The video shows Lego creations being controlled with a Dualshock controller, and moving on their own due to pre-programmed AI.
In an unlikely partnership, tech giant Sony and toy manufacturer Lego are joining forces to bring us Lego that is powered by videogame technology. "Lego is afraid of losing young customers to videogames and online entertainment," says the video presentation of Sony's computer science lab in Tokyo, "so the company is trying to make playing with Lego blocks more like playing videogames." The video shows Lego creations that have been implanted with a tiny motor being controlled by a Dualshock controller, as well as using cameras to move around by themselves with an in-built AI.
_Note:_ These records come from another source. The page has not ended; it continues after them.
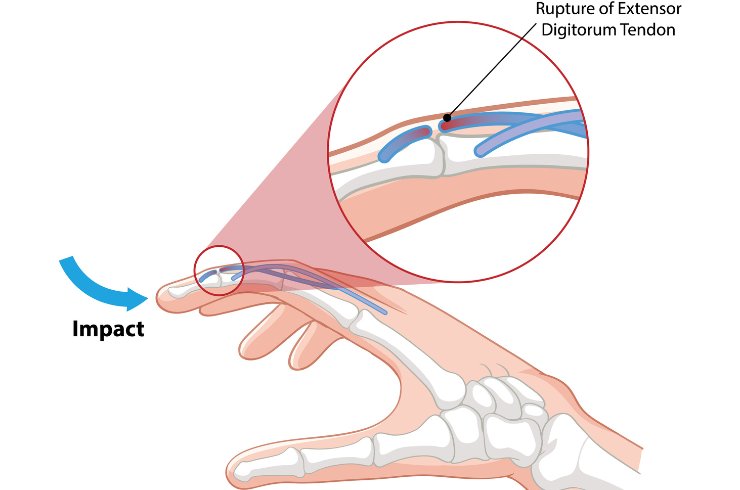Mallet Finger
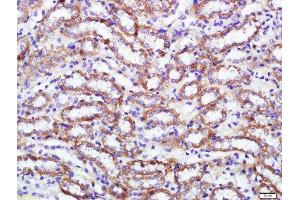 Paraformaldehyde-fixed, paraffin embedded rat kidney, Antigen retrieval by boiling in sodium citrate buffer (pH6) for 15min, Block endogenous peroxidase by 3% hydrogen peroxide for 30 minutes, Blocking buffer (normal goat serum) at 37°C for 20min, Antibody incubation with 	ADAM17 Polyclonal Antibody, Unconjugated  at 1:200 overnight at 4°C, followed by a conjugated secondary and DAB staining.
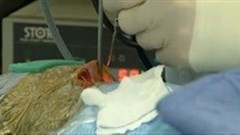 China-Africa Health Collaboration focused on universal health coverage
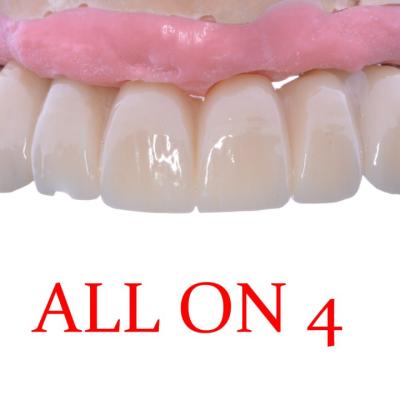 Protezuvannia Na Implantakh V9 I2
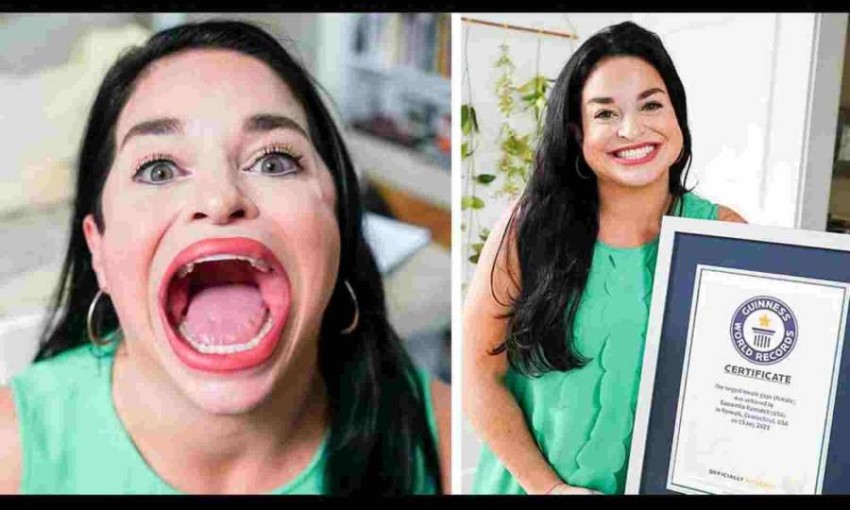 صاحبة اكبر فم في العالم حسب حينيس (1)
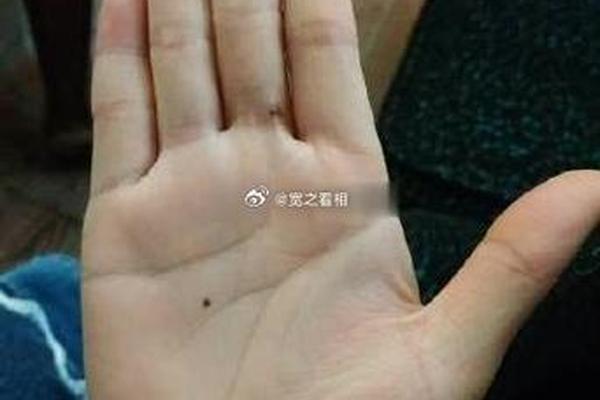 中指长痣相,左手中指突然长了颗痣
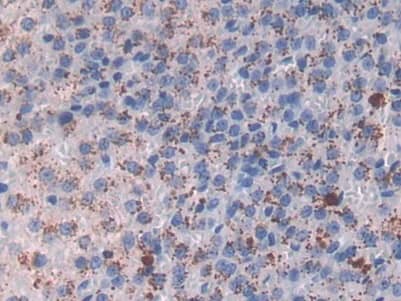 Immunohistochemistry-Paraffin: MBP-1 Antibody (C11) [NBP3-42067] - DAB staining on IHC-P; Sample: Rat Adrenal gland Tissue; Primary Ab: 30ug/ml NBP3-42067; Second Ab: 2ug/mL HRP-Linked Caprine Anti-Mouse IgG Polyclonal Antibody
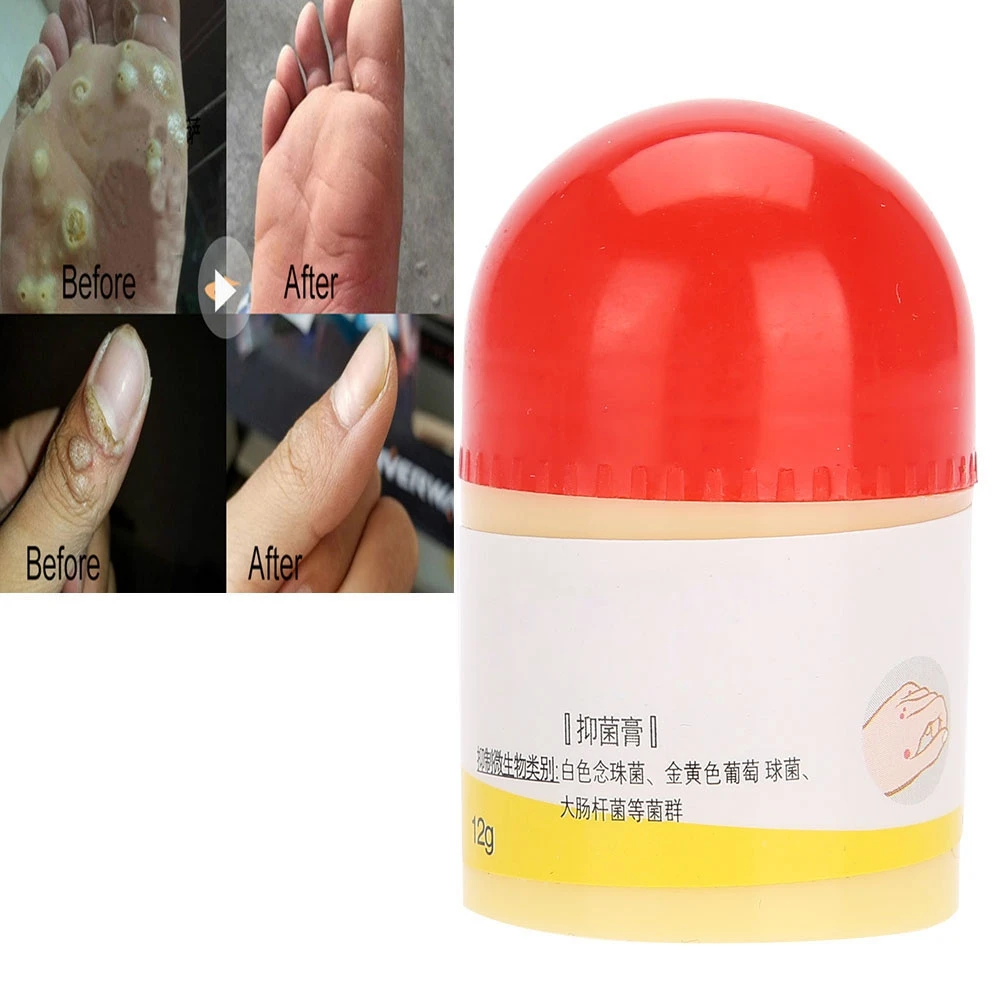 Набор для удаления бородавок Verruca Plantaris Teatment лечение китайской медициной антимикробный крем+ клейкие бинты+ ватный тампон
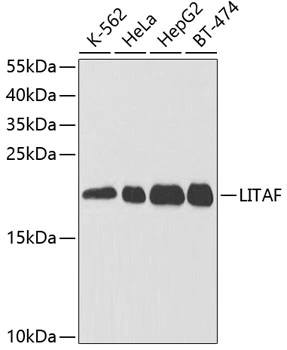 WB analysis of various sample lysates using GTX54315 LITAF antibody. Dilution : 1:1000 Loading : 25microg per lane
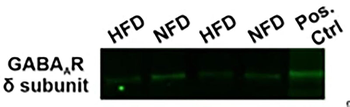 GABAA Receptor δ, N-Terminus Antibody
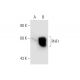 PHF1 Antibody (SK-J6) - Western Blotting - Image 66158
"The goal is to keep the pieces small and simple, so that children can use them with other toys." Sony says that the pieces track movement visually at the moment, but want to work on eliminating the use of cameras all together. Another cool little piece of tech is Sony's new "Lego actuators," which can cause pieces to collapse or explode. My eight-year-old mind is reeling at the possibility playing an augmented reality Lego Star Wars videogame, where my real-world tank and spaceship models explode upon being hit in the game.
The Sony lab also had some other non-Lego related projects on display, including a drone helicopter that is controlled by a user wearing a virtual reality headset. Basically, the person wearing the headset sees what the drone sees, and walking and moving around causes the drone to mimic the movement.
Another project is an augmented reality program that can animate and distort real objects in real time. A demo shows a real-life building turning to rubber, and a pop-up animated advertisement.
Lastly, there is a fridge that refuses to open unless you smile at it. I don't think I need to say anymore about that.